Ich habe bei der Planung meiner Modelleisenbahn eine Kehrschleife mehr oder weniger unbewusst eingebaut. Hier ist aufgrund der Umkehrung der Polarität einiges zu beachten, da es schnell zu einem Kurzschluss kommen kann. Dieser würde dann in Verbindung mit der Roco Z21 den ganzen Fahrbetrieb stilllegen, weil die Gleise Kurzschluss überwacht sind.

Im Digitalbetrieb löst man das Ganze über ein Kehrschleifenmodul. Das Modul überwacht den betreffenden Gleisabschnitt und verhindert, dass durch das Befahren mit einem Zug ein Kurzschluss entstehen kann. Hier gibt es mehrere Lösungen. Ich habe mich für ein Kehrschleifenmodul von der Firma Littfinski entschieden, da ich die Lösung der kurzschlussfreien Umpolung über Sensorgleise als beste Lösung halte. Bei dem Bau ist einiges zu beachten.

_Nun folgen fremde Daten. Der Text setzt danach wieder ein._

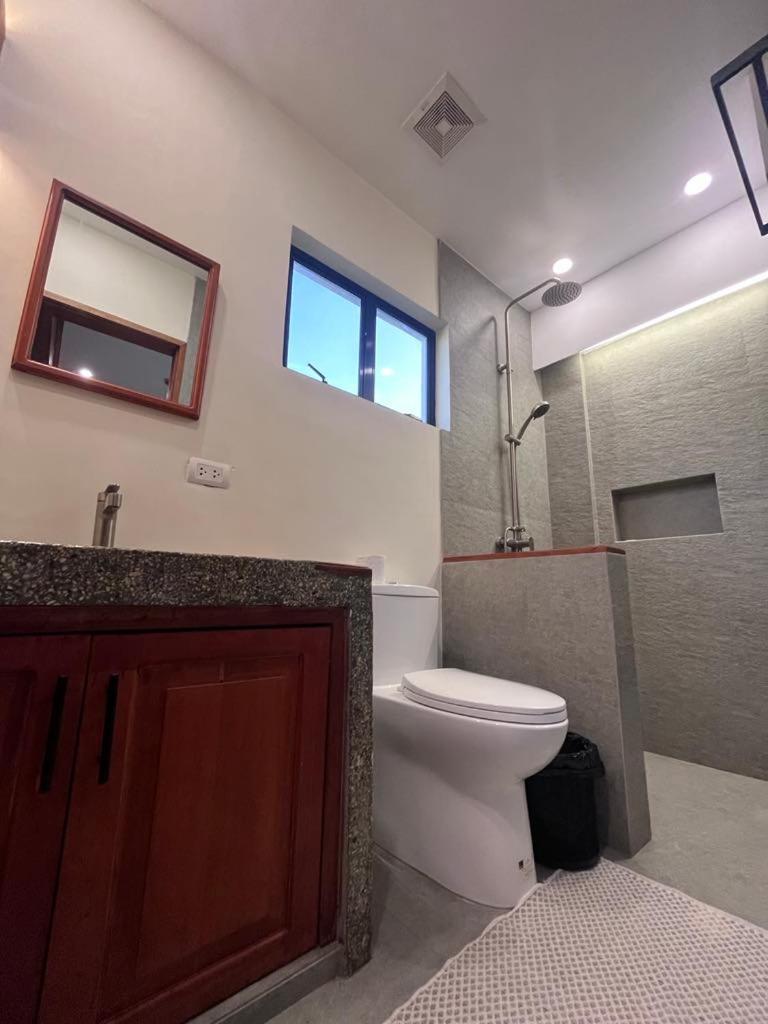 Hotel Tabularasa - T Palawan New Agutaya Zewnętrze zdjęcie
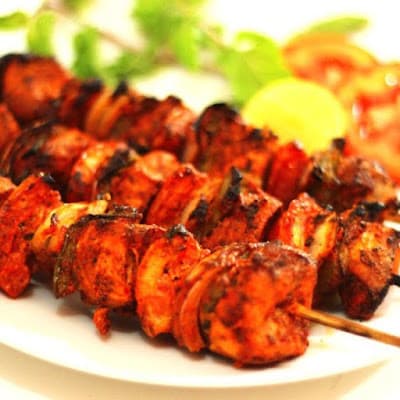 Lahori Kabab & Grill mosque in Harrisburg, PA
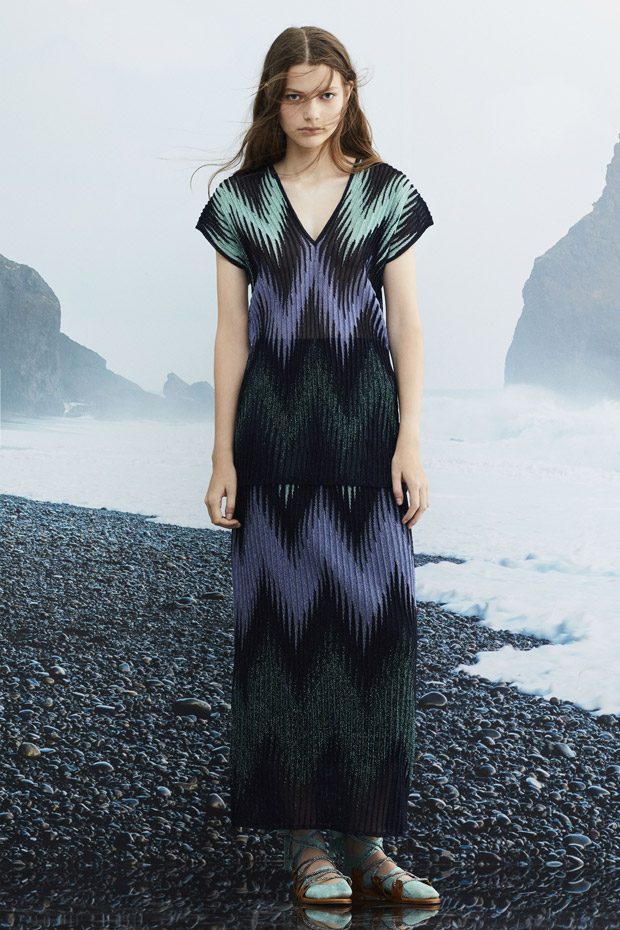 M Missoni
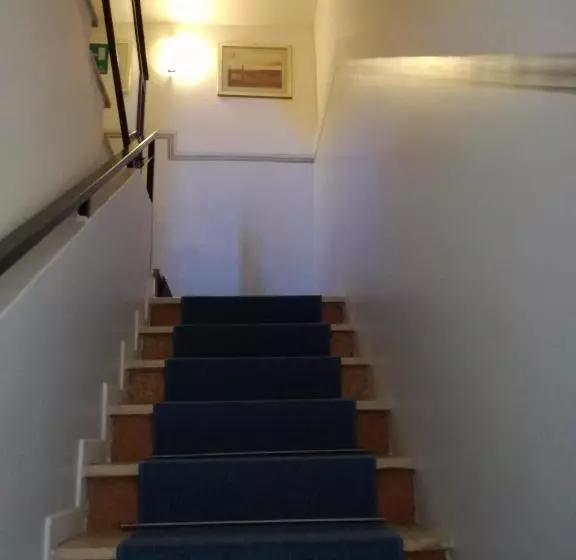 בית מלון כפרי La Passeggiata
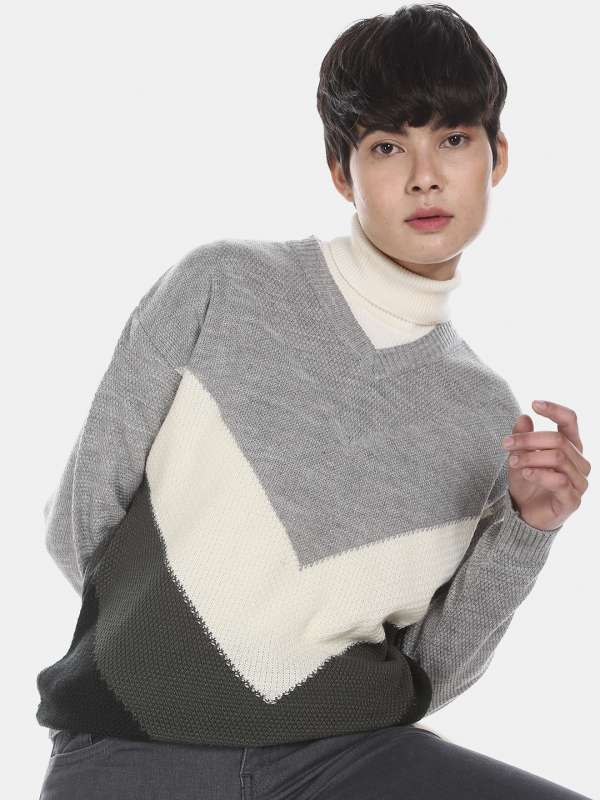 us polo sweater india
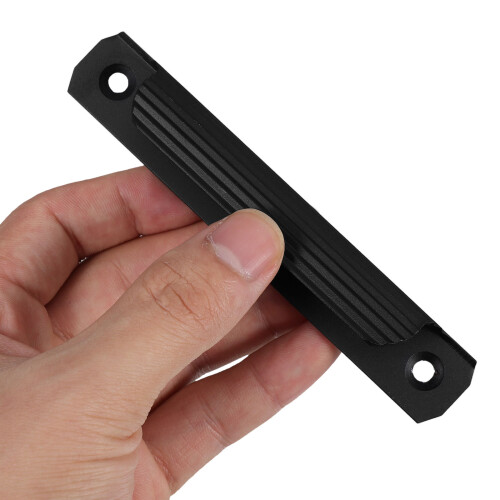 OUNONA 2 Pcs Sliding Door Handles Replacement Screen Window 2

Auszug der Anleitung von der Herstellerseite:

Kehrschleifenmodul
  • Beide Schienen der Sensorgleise (A1/B1 und A2/B2) und der Kehrschleife (AK/BK) werden komplett isoliert und mit den entsprechend beschrifteten Klemmen des Kehrschleifenmoduls KSM-SG verbunden.
  • Für die Sensorgleise ist eine Länge von 5 bis 20cm optimal.
  • Das Kehrschleifengleis muss mindestens so lang sein, wie der längste Zug auf der Anlage.
  • Der Digitalstrom, der vom Kehrschleifenmodul KSM-SG geschaltet wird, kann bis zu 8 Ampere betragen.
  • Durch die externe Versorgungsmöglichkeit ist eine einfache Überwachung der Kehrschleife mit Gleisbelegtmeldern (z.B. RM-GB-8-N oder RS-8) möglich. Die Sensorgleise werden dabei mit überwacht.
Kehrschleife

Umsetzung der Kehrschleife

Verwendung fand ein Modellbautrafo von Arnold für die Stromversorgung mit Wechselstrom für das Kehrschleifenmodul. Dann habe ich 2 Sensorgleise und eine Stromversorgung für die Kehrschleife eingeplant. Alle betreffenden Schienen wurden mittels Schienenverbinder aus Kunststoff nach Anschlussplan isoliert, 3 Schienen bekamen Drähte mittig für den Anschluss der Kabel angelötet, 2 Sensorgleise und eine Stromversorgung. Die Kabel von den Gleisen habe ich mittels Wago Klemmen verlängert und nach Plan an das Kehrschleifenmodul angeschlossen. Außerdem wurde eine Verbindung zum Fahrstromkreis der Bahn hergestellt. Eine Gleisüberwachung wurde nicht installiert.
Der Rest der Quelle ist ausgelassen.